Damon Lindelof still stands by the Lost finale but promises to let it go after his latest run in with angry fans…
By Damon Martin — Editor/Lead Writer
In the history of television finales there are a few that stick out that get universally panned by fans and critics alike as a let down for what was a once great show.
The one that possibly sits at the top of that list is Lost — a show so hugely rich with mythology that went out just like it came in — crashing to the ground with a stupendous thud.
Lost was one of the most popular shows of all time and it was the kind of television that forced you to watch each and every episode or you’d possibly miss out on some kind of secret story or hidden Easter egg that might finally clue you in as to what the island was all about.
As season after season passed, more and more questions piled up with minimal answers being given away but as the show reached towards its final two or three episodes, everyone knew that creator Damon Lindelof and executive producer Carlton Cuse had a grand plan that they had been touting for years.
In every interview they did, the pair said time and again that they had the ending planned for this show since the first days they started production, so there had to be an ultimate meaning to it all right?
Well, not so much.
The show ended, and while there were absolutely elements of conclusion, the bad outweighed the good if for no other reason than we were all left with about a million unanswered questions, theories and plot lines that never found resolution.

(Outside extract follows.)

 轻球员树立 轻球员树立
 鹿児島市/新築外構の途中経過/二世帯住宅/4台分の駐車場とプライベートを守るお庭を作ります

Sure, Jack died to save the island and years later he ended up in a church with all of his friends celebrating the afterlife, but there were so many other unsolved riddles that we as Lost fans felt a little cheated, and just about everyone in the world has let Lindelof know that via Twitter ever since he landed on the social network a few years ago.
As a matter of fact following the series finale of Breaking Bad — which was universally beloved by fans because it brought an end to all of the major storylines (except poor Huell who is presumably still stuck in a safehouse somewhere hiding from Walt) — fans began attacking Lindelof at will telling him THAT was how you end a series and not the way Lost went out a few years ago.
The end result as it turns out was Lindelof retweeting dozens of the responses, and when it came time for him to write his own love letter to the finale of Breaking Bad he just couldn’t say goodbye without letting another part of his life go first.
Instead of defending or deflecting questions about the Lost finale for the umpteenth time, Lindelof decided to put it all in the past and stop reacting at all to the people who hated what he did to end their favorite series.
“I’d like to make a pact, you and me,” Lindelof wrote in a special column for The Hollywood Reporter. “And here’s your part: You acknowledge that I know how you feel about the ending of Lost. I got it. I heard you. I will think about your dissatisfaction always and forever. It will stay with me until I lie there on my back dying, camera pulling slowly upward whether it be a solitary dog or an entire SWAT team that comes to my side as I breathe my last breath.
“And here’s my part: I will finally stop talking about it. I’m not doing this because I feel entitled or above it — I’m doing it because I accept that I will not change hearts nor minds. I will not convince you they weren’t dead the whole time, nor resent you for believing they were despite my infinite declarations otherwise.”
Unfortunately, Lindelof couldn’t leave well enough alone because he had to throw one more jab in there about his overall satisfaction about the Lost finale. He even tossed in a reference to the Breaking Bad finale for good measure.
“I stand by the Lost finale,” Lindelof said. “It’s the story that we wanted to tell, and we told it. No excuses. No apologies. I look back on it as fondly as I look back on the process of writing the whole show. And while I’ll always care what you think, I can’t be a slave to it anymore. Here’s why: I did it for me. I liked it. I was good at it. And I was really … I was alive.”
So from here on out, Lindelof promises to let all of the hatred about the Lost finale wash over him instead of reacting and getting defensive whenever the subject comes up.
For my part, I forgive Lindelof for what I believe was a somewhat poorly planned finale simply because the other 119 episodes were virtually flawless and some of the most well crafted, well written and brilliant television I’ve ever witnessed.